Task goal
From the line containing "Wood and rope Chair - Vietnam" through the last line of the data, both ends included, write out every line exactly; omit the pictures.

The records
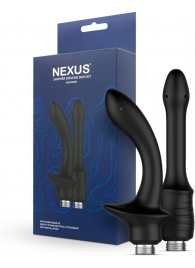 Набор из 2 насадок для анального душа Shower Douche Duo Kit Beginner - Nexus Range - купить с доставкой в Сергиевом Посаде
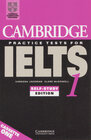 Buchcover Cambridge Practice Tests for IELTS 1 / Set of 2 Cassettes
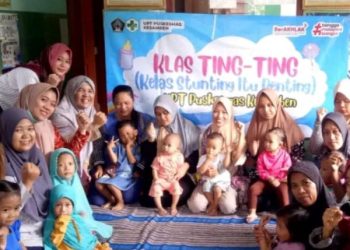 Klas Ting-Ting, Terobosan Puskesmas Kesamben Blitar Lawan Stunting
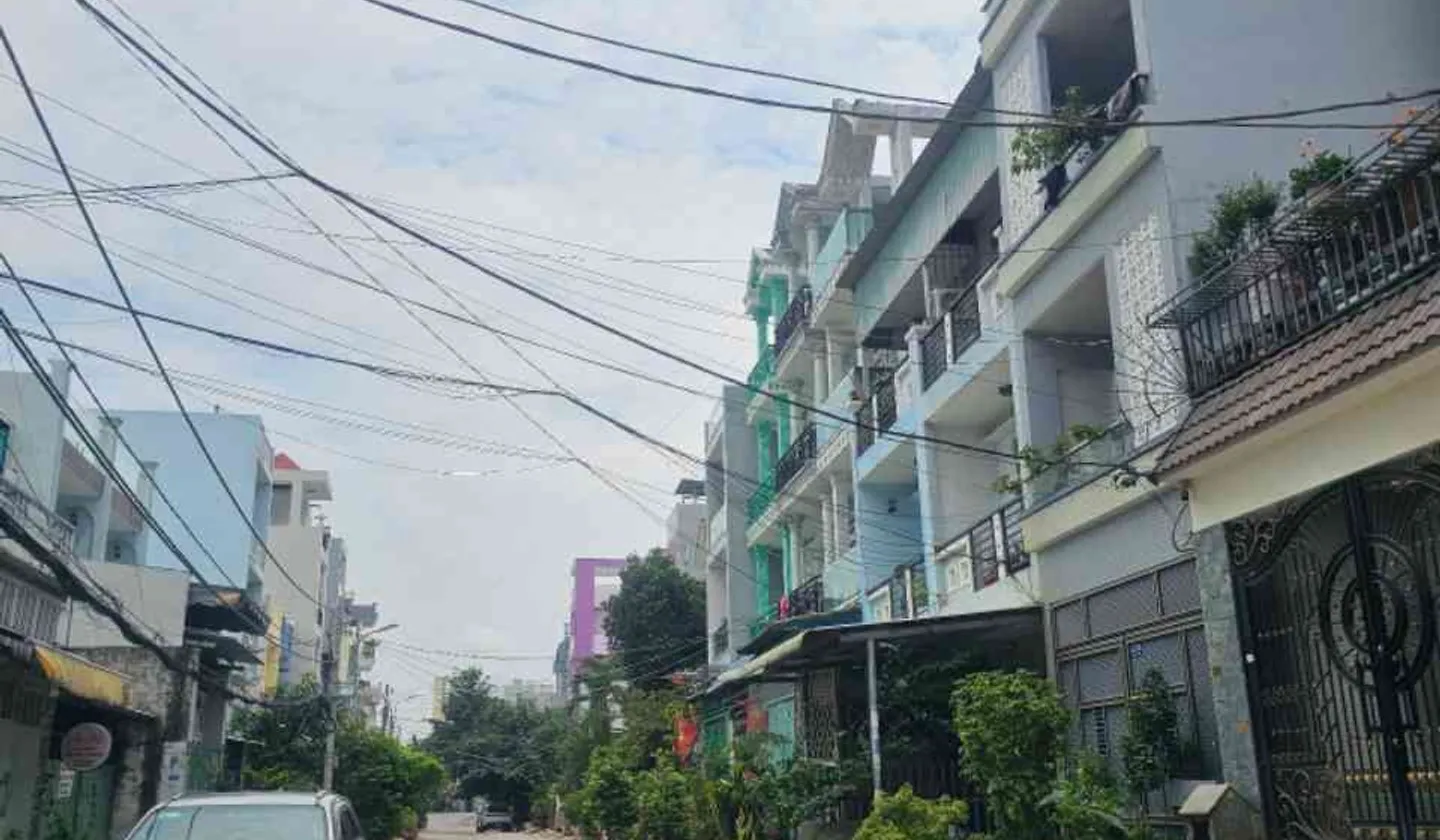Nhà 4 tầng thang máy, thu nhập 37 triệu/tháng tại Bình Tân... Bán nhà mặt phố tại An Lạc, Hồ Chí Minh 01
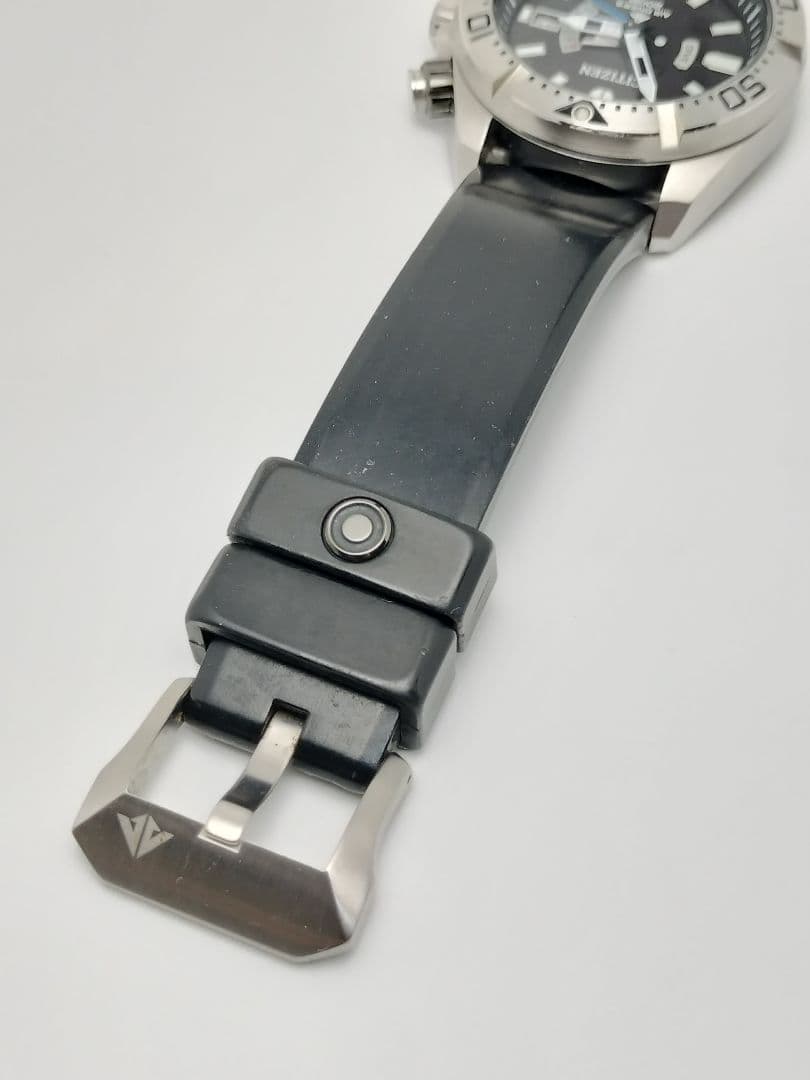 電波時計　シチズン　プロマスター　ダイバー機能　電波ソーラー　H112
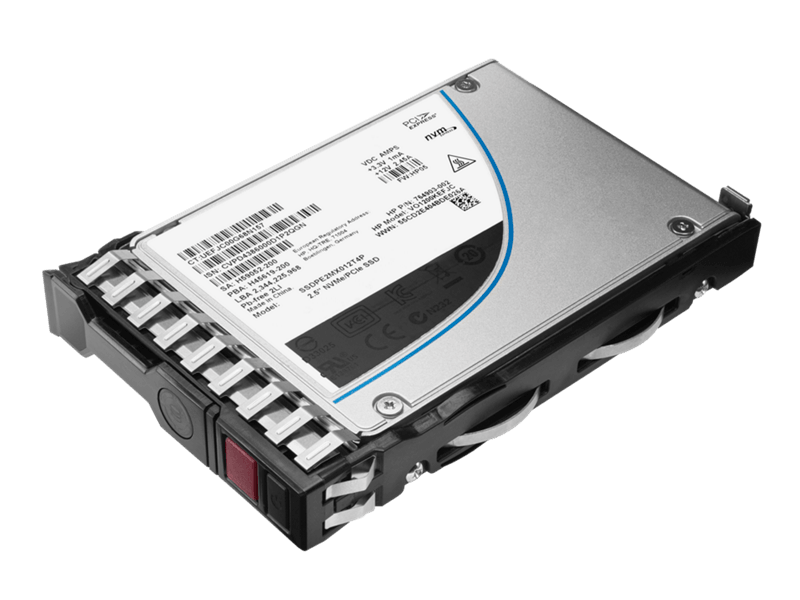 HPE 960GB SATA 6G Read Intensive SFF (2.5in) SC SSD P18424-B21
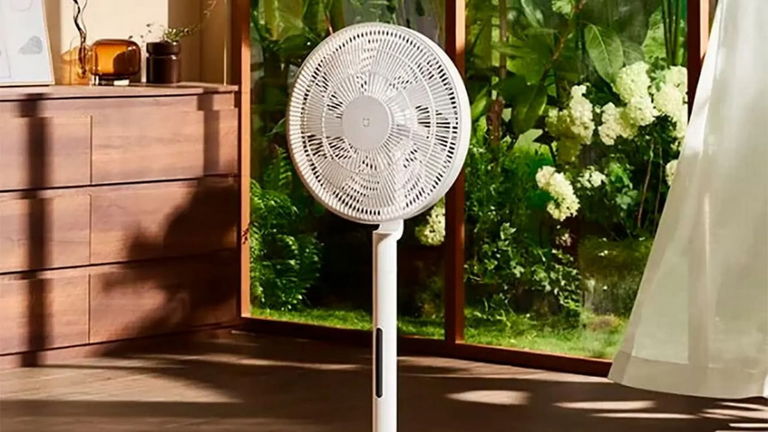 Este es el mejor momento para comprar un ventilador: este modelo de Xiaomi es de lo mejorcito que hay (subirá de precio)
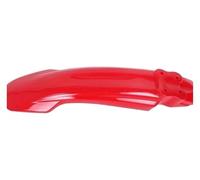 yytzior Guardabarros de Motocicleta Compatible con JYM125 Compatible YBR125 YBR125G Rojo Azul Negro YBR 125cc Rueda Guardabarros Bicicleta Calle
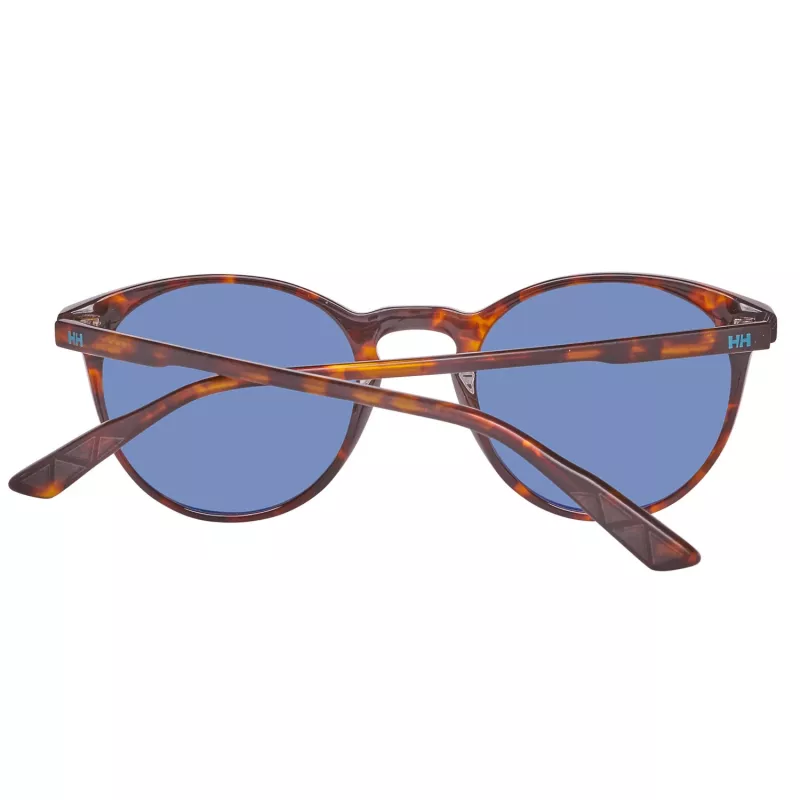 Óculos de sol de mulher Helly Hansen HH5010-C04-50, armação retangular de acetato, lentes de policarbonato cinzentas fumadas, 50/22/140 mm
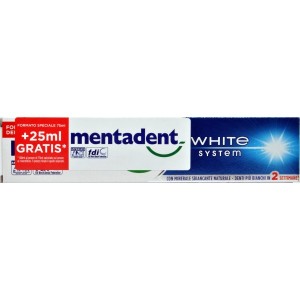MENTADENT WHITE SISTEM ML.75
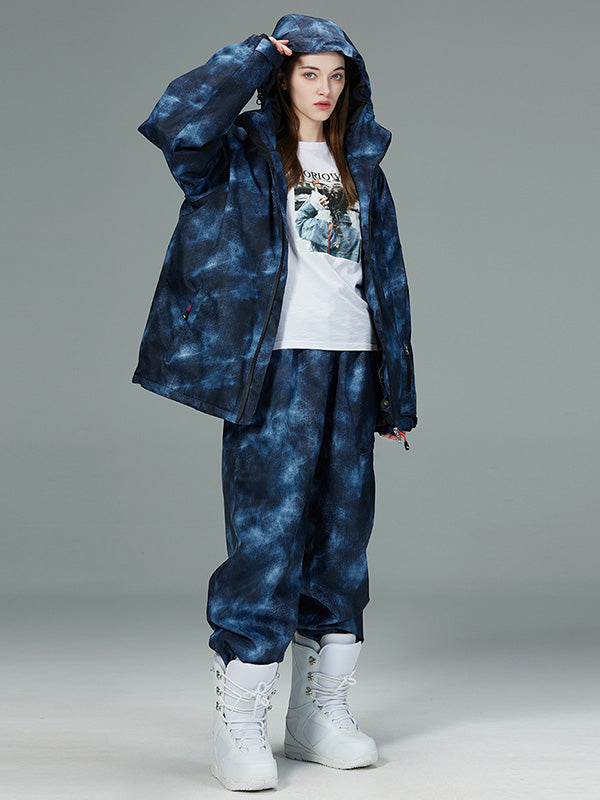 Women's Winter Outdoor Adventure Season Snow Jacket & Pants Set 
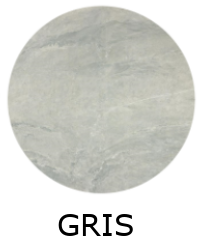 Dalle sur plots EREBOR GRIS 60x60x2 cm effet pierre antidérapant R11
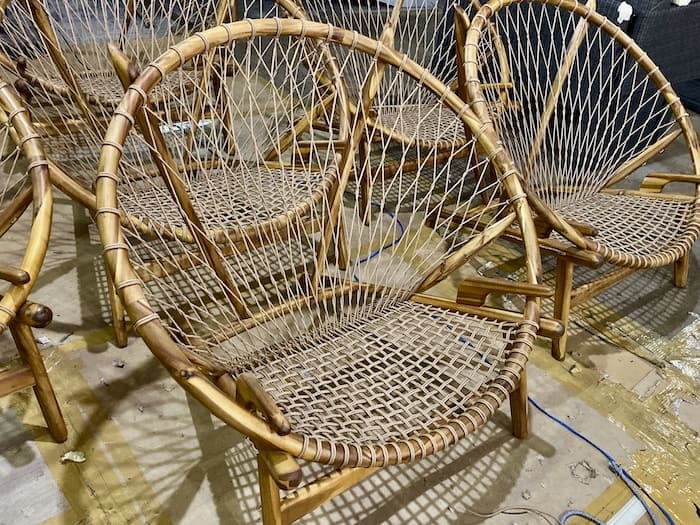Wood and rope Chair - Vietnam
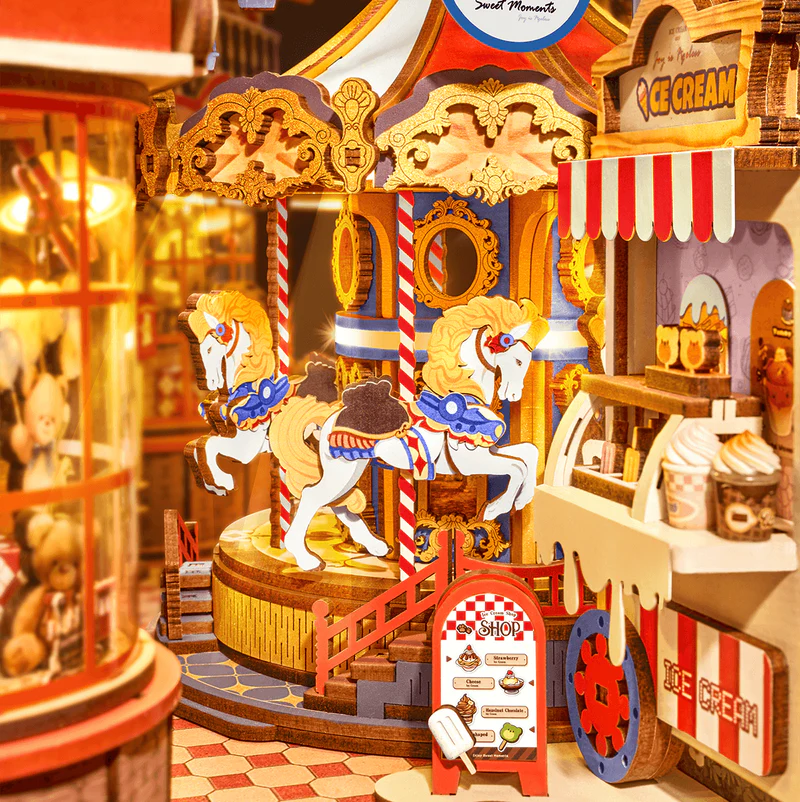 Fairytale Amusement Park Book Nook & Wonderland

Task answer
Wood and rope Chair - Vietnam
 Fairytale Amusement Park Book Nook & Wonderland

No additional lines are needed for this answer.